The ETL methodology consisted of: constructing a global schema in advance, for each local data source write a program to understand the source and map to the global schema, then write a script to transform, clean (homonym and synonym issues) and dedup (get rid of duplicates) it. Programs were set up to build the ETL pipeline. This process has matured over 20 years and is used today for data unification problems. The term MDM (Master Data Management) points to a master representation of all enterprise objects, to which everybody agrees to confirm.

In the world of Big Data, this approach is very inadequate. Why?

  • data unification at scale is a very big deal. The schema-first approach works fine with retail data (sales transactions, not many data sources,..), but gets extremely hard with sources that can be hundreds or even thousands. This gets worse when you want to unify public data from the web with enterprise data.
  • human labor to map each source to a master schema gets to be costly and excessive. Here machine learning is required and domain experts should be asked to augment where needed.
  • real-time data unification of streaming data and analysis can not be handled by these solutions.

Another solution called “data lake” where you store disparate data in their native format, seems to address the “ingest” problem only. It tries to change the order of ETL to ELT (first load then transform). However it does not address the scale issues. The new world needs bottoms-up data unification (schema-last) in real-time or near real-time.

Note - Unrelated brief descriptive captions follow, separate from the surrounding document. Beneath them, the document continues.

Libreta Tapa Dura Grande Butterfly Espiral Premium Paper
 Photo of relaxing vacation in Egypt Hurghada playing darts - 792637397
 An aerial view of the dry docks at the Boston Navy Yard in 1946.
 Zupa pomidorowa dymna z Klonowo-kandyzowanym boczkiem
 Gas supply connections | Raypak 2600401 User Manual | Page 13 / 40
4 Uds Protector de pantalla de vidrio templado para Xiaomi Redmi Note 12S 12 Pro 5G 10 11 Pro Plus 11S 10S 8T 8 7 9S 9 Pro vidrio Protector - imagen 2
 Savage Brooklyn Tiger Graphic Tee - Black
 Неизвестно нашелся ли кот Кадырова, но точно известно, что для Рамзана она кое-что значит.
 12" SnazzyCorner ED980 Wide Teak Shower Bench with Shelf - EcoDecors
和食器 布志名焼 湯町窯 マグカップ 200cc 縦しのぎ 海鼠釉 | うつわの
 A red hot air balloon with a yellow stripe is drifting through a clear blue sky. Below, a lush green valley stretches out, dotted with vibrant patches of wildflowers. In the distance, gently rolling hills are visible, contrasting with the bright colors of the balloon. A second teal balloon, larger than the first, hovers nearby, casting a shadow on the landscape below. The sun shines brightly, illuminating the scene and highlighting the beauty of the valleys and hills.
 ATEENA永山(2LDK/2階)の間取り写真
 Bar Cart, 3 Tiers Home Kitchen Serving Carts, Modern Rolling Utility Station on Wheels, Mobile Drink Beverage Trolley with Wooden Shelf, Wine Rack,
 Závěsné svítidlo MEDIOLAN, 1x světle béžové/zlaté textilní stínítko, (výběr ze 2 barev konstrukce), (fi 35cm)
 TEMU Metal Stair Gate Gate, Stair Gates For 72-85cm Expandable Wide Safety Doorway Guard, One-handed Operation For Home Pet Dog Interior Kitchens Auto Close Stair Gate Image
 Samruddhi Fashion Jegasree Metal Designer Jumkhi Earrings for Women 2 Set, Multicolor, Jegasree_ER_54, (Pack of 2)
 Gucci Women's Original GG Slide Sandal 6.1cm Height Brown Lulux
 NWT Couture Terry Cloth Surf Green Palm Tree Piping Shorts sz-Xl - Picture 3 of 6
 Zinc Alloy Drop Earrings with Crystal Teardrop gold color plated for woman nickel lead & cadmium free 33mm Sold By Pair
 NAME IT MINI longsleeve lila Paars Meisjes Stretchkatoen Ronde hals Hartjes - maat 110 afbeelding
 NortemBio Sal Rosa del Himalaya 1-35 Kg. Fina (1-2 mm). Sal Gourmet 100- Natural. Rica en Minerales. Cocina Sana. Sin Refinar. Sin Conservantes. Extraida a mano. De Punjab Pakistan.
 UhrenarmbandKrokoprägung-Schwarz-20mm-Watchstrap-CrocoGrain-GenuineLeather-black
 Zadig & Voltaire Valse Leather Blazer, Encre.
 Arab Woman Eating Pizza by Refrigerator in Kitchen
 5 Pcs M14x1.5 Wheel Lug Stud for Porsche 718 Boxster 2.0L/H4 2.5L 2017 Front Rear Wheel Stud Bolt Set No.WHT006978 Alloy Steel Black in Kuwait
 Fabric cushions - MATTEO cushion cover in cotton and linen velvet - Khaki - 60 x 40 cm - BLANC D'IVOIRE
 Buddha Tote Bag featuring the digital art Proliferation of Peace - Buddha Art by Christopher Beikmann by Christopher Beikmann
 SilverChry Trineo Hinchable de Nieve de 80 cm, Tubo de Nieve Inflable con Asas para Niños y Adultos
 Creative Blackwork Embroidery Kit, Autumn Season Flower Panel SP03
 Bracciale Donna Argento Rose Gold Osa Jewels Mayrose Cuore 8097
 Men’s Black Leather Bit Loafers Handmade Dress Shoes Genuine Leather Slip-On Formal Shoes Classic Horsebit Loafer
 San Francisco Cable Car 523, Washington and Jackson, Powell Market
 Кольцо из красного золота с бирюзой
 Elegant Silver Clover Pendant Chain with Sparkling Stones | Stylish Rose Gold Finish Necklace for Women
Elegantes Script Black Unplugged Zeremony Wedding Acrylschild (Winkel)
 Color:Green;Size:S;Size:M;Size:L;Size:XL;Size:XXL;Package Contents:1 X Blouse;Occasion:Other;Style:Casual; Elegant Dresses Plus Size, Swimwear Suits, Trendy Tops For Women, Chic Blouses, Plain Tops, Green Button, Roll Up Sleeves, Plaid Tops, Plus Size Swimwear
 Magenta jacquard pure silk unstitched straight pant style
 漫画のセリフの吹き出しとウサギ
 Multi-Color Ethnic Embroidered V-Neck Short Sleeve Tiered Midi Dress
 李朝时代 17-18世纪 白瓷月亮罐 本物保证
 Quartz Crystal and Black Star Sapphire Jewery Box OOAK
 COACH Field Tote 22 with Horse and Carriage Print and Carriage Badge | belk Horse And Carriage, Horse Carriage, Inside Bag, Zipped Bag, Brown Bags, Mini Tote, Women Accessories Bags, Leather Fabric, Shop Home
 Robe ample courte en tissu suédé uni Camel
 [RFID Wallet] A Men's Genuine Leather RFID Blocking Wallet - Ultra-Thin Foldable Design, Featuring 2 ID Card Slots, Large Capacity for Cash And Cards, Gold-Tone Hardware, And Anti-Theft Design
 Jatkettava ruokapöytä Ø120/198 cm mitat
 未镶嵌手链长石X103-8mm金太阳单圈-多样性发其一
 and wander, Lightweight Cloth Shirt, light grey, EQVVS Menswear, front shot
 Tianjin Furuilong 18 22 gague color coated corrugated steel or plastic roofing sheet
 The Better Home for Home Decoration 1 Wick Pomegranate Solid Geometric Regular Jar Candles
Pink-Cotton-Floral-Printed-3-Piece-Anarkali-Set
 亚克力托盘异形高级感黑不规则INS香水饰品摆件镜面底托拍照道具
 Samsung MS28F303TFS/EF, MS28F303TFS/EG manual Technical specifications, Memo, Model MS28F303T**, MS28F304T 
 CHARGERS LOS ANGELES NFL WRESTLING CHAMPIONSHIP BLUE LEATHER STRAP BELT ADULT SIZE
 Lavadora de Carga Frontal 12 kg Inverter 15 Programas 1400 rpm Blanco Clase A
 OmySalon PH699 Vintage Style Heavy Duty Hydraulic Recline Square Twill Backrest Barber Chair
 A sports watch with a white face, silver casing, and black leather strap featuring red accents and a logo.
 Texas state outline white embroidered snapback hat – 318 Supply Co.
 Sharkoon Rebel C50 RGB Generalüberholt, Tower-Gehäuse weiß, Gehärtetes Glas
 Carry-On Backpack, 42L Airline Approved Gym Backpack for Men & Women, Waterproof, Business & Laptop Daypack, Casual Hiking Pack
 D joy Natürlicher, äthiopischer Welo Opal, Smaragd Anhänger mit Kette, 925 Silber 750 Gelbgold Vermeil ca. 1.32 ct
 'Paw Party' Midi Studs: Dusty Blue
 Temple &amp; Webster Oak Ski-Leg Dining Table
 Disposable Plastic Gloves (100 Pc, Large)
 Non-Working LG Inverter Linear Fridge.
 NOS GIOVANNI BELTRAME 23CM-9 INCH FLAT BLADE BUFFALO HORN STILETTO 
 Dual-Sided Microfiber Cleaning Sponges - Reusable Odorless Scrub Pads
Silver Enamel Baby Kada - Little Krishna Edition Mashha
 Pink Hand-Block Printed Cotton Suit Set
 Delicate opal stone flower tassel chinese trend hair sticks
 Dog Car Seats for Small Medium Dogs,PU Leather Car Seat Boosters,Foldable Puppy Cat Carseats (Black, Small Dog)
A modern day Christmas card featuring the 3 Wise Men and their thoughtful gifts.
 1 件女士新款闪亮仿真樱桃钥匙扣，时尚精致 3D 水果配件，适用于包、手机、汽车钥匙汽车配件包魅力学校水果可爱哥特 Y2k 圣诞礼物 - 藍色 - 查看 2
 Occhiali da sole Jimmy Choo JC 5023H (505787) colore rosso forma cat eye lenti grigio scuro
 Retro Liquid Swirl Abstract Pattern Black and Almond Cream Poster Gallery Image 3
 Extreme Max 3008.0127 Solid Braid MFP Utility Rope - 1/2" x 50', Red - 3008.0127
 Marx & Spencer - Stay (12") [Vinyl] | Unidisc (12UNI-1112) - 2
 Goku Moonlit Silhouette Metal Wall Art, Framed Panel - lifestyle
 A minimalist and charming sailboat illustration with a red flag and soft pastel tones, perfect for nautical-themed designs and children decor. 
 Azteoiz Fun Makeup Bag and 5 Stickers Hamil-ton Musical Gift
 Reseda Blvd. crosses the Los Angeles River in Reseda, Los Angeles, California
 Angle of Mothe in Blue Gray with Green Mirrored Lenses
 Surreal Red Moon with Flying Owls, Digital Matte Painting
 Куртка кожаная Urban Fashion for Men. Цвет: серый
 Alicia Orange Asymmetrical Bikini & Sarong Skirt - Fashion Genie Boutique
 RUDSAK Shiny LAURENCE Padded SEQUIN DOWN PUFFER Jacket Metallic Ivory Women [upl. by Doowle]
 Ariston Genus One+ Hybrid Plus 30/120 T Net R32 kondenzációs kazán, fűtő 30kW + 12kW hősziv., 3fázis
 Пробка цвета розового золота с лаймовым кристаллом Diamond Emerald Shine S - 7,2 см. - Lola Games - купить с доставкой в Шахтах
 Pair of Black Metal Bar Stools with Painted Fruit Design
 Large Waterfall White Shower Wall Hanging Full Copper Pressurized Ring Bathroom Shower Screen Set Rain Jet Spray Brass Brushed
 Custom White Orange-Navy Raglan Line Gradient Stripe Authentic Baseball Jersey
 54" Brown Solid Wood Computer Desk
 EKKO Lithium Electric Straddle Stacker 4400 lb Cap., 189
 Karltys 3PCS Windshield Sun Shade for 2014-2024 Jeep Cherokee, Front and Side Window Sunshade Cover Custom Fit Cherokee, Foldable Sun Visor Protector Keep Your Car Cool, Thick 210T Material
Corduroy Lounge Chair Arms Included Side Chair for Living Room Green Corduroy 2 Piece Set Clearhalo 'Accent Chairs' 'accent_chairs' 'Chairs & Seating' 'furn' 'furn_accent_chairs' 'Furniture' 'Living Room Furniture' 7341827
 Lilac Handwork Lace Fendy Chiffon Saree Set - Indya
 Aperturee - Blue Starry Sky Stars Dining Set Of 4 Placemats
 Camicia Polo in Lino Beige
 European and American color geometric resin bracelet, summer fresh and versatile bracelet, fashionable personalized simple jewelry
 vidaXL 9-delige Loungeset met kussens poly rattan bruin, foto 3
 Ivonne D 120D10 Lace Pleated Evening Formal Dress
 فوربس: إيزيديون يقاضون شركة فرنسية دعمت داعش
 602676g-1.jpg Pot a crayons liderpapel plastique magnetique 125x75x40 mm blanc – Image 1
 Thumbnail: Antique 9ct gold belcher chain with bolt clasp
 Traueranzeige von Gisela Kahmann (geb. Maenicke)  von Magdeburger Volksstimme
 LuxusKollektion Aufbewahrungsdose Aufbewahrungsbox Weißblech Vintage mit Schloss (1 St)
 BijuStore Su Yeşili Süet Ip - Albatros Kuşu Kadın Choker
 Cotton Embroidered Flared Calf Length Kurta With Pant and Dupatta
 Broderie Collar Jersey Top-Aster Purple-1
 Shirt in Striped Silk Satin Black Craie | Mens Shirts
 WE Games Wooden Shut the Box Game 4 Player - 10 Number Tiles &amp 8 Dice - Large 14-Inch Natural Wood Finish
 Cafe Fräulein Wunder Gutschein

The typical data unification cycle can go like this – start with a few sources, try enriching the data with say X, see if it works, if you fail then loop back and try again. Use enrichment to improve and do everything automatically using machine learning and statistics. But iterate furiously. Ask for help when needed from domain experts. Otherwise the current approach of ETL or ELT can get very expensive.